Had To Take A Stand Against Rising Intolerance, Says Justice Abhay Thipsay On Joining Congress
Retired Justice Abhay Thipsay, former judge of the Bombay High Court, has joined the Indian National Congress. Justice Thipsay says that in order to fight against the rising intolerance within the civil society and communal forces in the country, he found it appropriate to join the grand old party.
Justice Thipsay joined the Bar in 1979 and became a magistrate in 1987. He was elevated to the high court in 2011 after serving for 24 years in the lower judiciary. Justice Thipsay always enjoyed a reputation of being an honest and upright judge, however, he was unexpectedly transferred to Allahabad High Court in May 2016, with less than a year left for retirement. He retired from Allahabad High Court in March 2017.
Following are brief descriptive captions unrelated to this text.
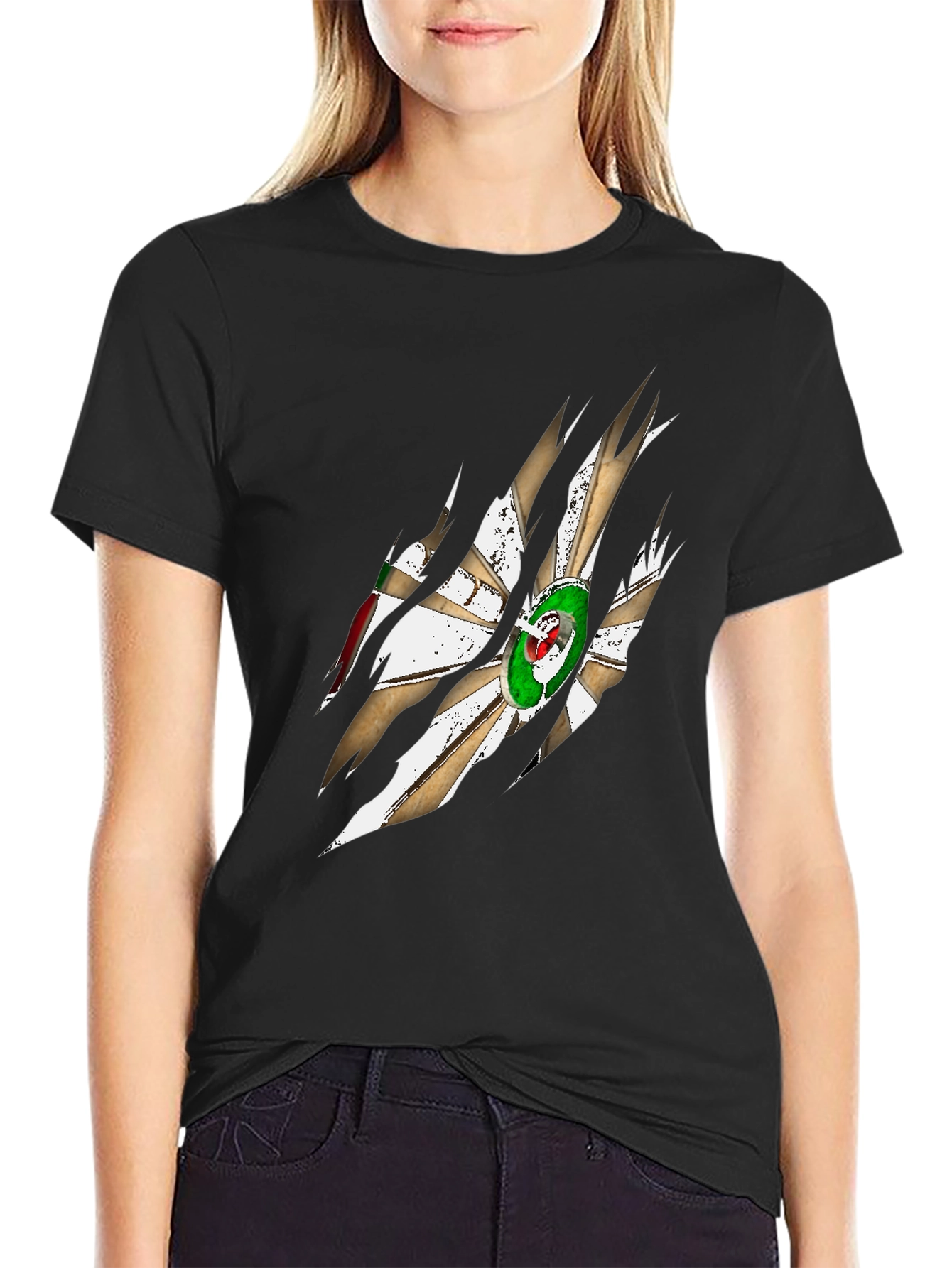 Algeria Flag Claw Mark Graphic Mens T-Shirt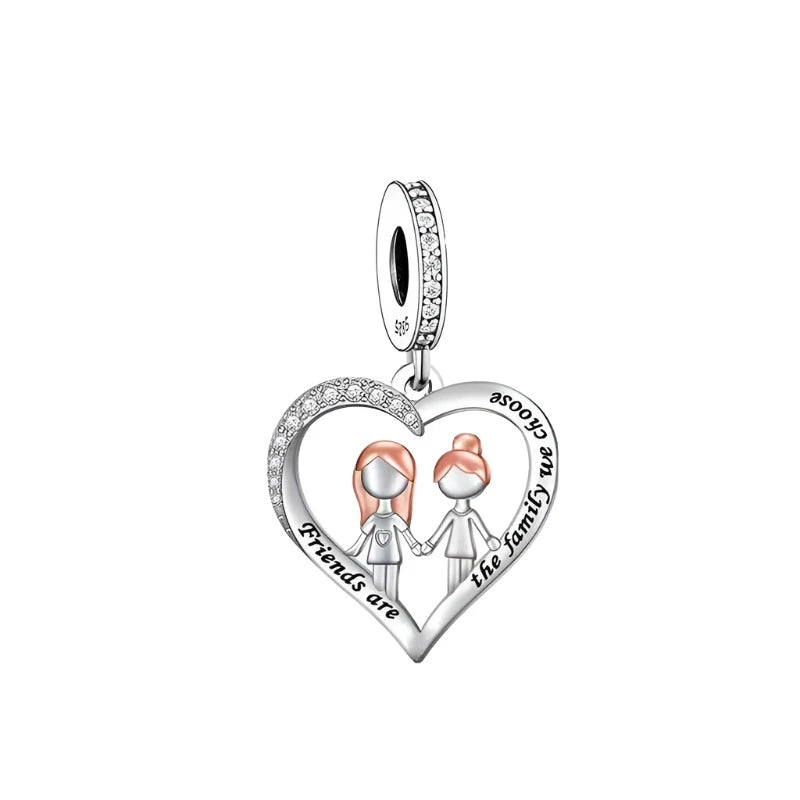 &quot;Friends are the Family we Choose&quot; Heart Dangle Charm | RGP CZ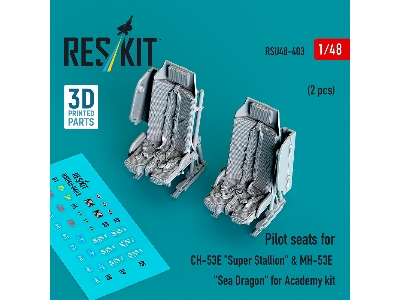 Pilot Seats For Ch-53e 'super Stallion' & Mh-53e 'sea Dragon' For Academy Kit (2pcs) (3d Printed) - image 2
Livelaw recently spoke to Justice Thipsay and asked him about his decision to join the Congress.
Did you ever have any political leanings?
No never. My father was a freedom fighter, but even he gave up politics after Independence. In fact, I have taken many decisions against the executive government and for much of my tenure, the Congress was in power. But you know since 2014, the level of tolerance has gone down and the tendency to tolerate criticism has given way to immediate offensive reaction. I mean defaming someone, targeting them, people gathering outside your house because you do not agree with them, these types of things are growing. Then there is also an agenda to change the Constitution, re-writing India’s history etc.
So, I discussed with many of my friends about this move, because I was apprehensive that it might result in loss of credibility but there was no alternative also. Because either you do not speak on these issues or join a political party and take a stand. Raising issues with media, even if they gain publicity, it will never lead to a social awakening.
Although I have not signed any paperwork formally, I did feel that it was the right time because the party is not in power in the state or at the Centre. So, I would be under no obligation and I can freely express my views.
Would you say that more and more judges should join politics?
I do not know because it all depends on their temperament. Many felt that I was too aggressive in my views, so I cannot speak about others.